È importante chiedersi: l’azienda che offre il servizio di archiviazione è facilmente rintracciabile in caso di necessità o problemi? Se la società a cui ci si rivolge è il risultato di una «catena di service provider» diversi da quelli con cui si stipula il contratto, potrebbe essere complicato risalire al vero gestore dei propri dati.
3.
Verificare qual è il livello minimo di servizio garantito. In caso di interruzione o malfunzionamento del servizio in quali tempi assicurano il ripristino dello stesso? È importante che i provider abbiano un «piano d’emergenza».
4.
È significativo sapere se in caso di guasto sono valutate procedure di recupero dati e se è prevista un’assicurazione che copra i danni relativi alla perdita o una procedura semplificata che copra possibili controversie.
5.
Verificare se il servizio sottoscritto prevede la possibilità di trasferire agevolmente la totalità dei dati archiviati (tramite formati standard e aperti). Questo in futuro può rendere agevole la migrazione del proprio materiale ad un altro servizio di archiviazione.
6.
Valutare l’idoneità delle condizioni contrattuali per l’erogazione del servizio di Cloud con particolare riferimento agli obblighi e alle responsabilità in caso di perdita e di illecita diffusione dei dati custoditi nella nuvola.

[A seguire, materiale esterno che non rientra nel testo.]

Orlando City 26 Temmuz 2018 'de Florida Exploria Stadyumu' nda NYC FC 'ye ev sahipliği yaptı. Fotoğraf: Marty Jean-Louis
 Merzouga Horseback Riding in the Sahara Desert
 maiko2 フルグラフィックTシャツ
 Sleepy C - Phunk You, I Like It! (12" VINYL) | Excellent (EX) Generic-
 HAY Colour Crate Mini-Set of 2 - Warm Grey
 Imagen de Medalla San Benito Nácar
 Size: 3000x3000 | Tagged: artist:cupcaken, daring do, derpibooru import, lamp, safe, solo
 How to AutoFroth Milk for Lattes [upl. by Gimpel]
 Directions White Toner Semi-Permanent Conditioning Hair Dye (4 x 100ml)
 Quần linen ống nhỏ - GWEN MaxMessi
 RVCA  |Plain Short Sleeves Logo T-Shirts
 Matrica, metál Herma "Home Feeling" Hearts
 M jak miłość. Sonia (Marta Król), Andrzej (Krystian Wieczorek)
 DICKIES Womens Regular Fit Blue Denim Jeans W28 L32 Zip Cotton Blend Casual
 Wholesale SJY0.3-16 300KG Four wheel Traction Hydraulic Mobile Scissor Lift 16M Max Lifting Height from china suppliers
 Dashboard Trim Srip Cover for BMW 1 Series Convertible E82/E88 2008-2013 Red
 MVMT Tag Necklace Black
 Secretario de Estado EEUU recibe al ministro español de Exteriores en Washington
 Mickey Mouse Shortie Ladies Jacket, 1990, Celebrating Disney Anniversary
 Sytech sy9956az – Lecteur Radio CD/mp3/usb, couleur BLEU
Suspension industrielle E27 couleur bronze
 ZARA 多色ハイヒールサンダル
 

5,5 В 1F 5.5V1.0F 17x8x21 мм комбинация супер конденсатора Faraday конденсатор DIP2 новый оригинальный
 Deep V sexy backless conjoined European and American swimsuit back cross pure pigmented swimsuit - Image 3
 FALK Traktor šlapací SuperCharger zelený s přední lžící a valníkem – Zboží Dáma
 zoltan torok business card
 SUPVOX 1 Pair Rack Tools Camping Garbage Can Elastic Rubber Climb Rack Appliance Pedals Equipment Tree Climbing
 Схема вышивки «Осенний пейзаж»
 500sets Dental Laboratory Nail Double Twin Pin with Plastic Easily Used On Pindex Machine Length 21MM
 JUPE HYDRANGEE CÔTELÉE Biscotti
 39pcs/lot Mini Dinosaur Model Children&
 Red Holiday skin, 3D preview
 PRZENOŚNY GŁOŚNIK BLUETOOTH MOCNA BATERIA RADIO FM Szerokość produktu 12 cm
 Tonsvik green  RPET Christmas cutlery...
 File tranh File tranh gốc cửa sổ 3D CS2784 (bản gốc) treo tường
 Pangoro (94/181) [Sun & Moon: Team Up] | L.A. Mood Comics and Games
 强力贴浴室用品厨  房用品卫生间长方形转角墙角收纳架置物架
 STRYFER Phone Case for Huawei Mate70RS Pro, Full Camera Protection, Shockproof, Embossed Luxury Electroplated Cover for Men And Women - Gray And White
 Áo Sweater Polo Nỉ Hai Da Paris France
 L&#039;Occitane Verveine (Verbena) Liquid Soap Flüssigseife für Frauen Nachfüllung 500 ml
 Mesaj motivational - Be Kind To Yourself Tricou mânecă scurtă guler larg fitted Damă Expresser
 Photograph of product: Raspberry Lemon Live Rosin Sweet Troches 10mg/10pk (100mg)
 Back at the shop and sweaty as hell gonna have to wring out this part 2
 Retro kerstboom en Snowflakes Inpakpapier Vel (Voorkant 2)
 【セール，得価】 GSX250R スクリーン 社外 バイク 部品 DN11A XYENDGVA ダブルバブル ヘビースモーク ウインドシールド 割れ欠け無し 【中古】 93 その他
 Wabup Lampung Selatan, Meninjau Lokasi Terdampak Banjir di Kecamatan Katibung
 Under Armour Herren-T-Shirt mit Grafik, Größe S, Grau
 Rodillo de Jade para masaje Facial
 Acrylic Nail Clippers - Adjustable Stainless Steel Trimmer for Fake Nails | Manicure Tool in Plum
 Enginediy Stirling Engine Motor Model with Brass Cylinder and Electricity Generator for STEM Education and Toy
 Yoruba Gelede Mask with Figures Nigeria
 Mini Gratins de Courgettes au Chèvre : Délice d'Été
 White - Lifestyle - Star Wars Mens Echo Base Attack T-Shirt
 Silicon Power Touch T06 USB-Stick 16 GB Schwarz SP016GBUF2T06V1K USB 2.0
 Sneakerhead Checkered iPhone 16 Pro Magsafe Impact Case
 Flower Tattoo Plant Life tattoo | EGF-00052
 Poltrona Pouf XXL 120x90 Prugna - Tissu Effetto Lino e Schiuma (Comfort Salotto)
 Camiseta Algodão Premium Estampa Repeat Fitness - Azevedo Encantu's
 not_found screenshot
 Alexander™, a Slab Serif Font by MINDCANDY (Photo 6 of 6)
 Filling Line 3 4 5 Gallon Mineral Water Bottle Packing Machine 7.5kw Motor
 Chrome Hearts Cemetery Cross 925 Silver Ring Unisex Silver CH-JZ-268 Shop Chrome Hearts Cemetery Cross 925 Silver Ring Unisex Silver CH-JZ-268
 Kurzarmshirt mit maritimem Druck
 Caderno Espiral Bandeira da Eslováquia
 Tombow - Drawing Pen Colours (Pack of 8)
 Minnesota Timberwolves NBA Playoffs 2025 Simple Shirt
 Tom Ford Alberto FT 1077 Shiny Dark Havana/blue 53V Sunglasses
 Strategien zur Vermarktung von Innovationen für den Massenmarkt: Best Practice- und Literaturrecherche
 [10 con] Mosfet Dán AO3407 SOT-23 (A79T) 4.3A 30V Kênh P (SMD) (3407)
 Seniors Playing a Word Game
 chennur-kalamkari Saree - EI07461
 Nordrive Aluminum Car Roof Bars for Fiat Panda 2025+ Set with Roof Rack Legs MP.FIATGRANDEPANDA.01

Attenzione! Massima attenzione a ciò che condividete. In caso di fuoriuscita di dati è molto importate che questi non arrechino danni a terzi. In tal caso la responsabilità potrebbe ricadere sul titolare dell’account e non su chi fornisce il servizio.

Dove vanno i miei dati? I più grandi centri di raccolta dati si trovano nella Silicon Valley, il più grande polo tecnologico del mondo nonché sede delle maggiori aziende informatiche. Qui, tra le altre, opera la Digital Realty che ha a disposizione circa 185 mila m2 di spazio dedicato ai suoi server. Malgrado le grandi dimensioni il sito non è considerato di prima scelta per i dati altamente sensibili a causa dell’alto rischio sismico della California. La Supernap di Las Vegas (38 mila m2) deve invece fare i conti con le alte temperature del deserto del Nevada e per questo necessita di un potente sistema di raffreddamento. Il più grande data center europeo sarà, a partire dal 2014, quello di Facebook in Svezia. Le ragioni per cui Zuckerberg ha scelto la Scandinavia? Clima fresco e prezzi moderati della corrente elettrica. In Italia invece a farla da padrone è Aruba, che ha collocato ad Arezzo circa mila 10 m2 di server.